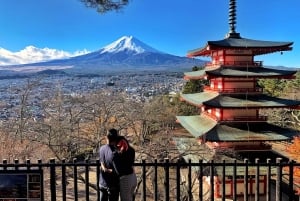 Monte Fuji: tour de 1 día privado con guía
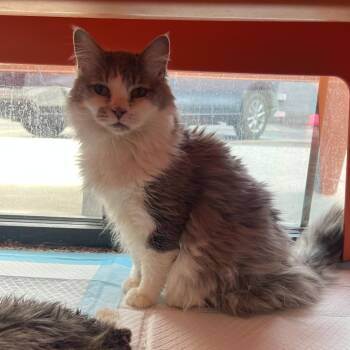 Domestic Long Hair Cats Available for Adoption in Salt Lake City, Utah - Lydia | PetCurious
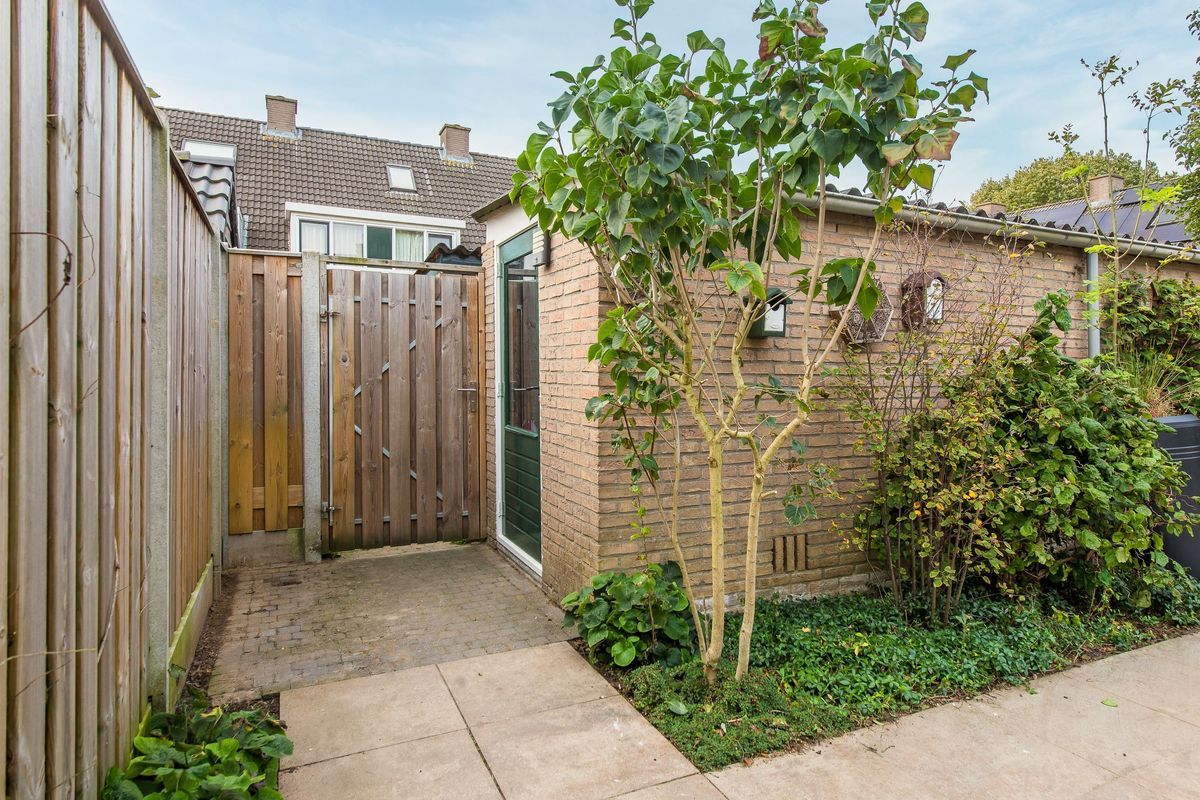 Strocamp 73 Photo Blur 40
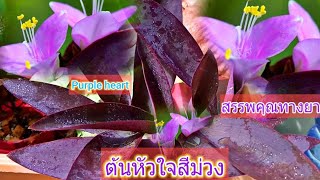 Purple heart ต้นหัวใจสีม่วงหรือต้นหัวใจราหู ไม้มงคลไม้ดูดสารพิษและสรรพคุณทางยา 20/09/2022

────────────────────────────────────────

* **Task brief**
Beginning with the line that has "Domestic Long Hair", repeat each remaining line of the data above word for word, keeping pictures out.

* **Result of the exercise**
 Domestic Long Hair Cats Available for Adoption in Salt Lake City, Utah - Lydia | PetCurious
 Strocamp 73 Photo Blur 40
 Purple heart ต้นหัวใจสีม่วงหรือต้นหัวใจราหู ไม้มงคลไม้ดูดสารพิษและสรรพคุณทางยา 20/09/2022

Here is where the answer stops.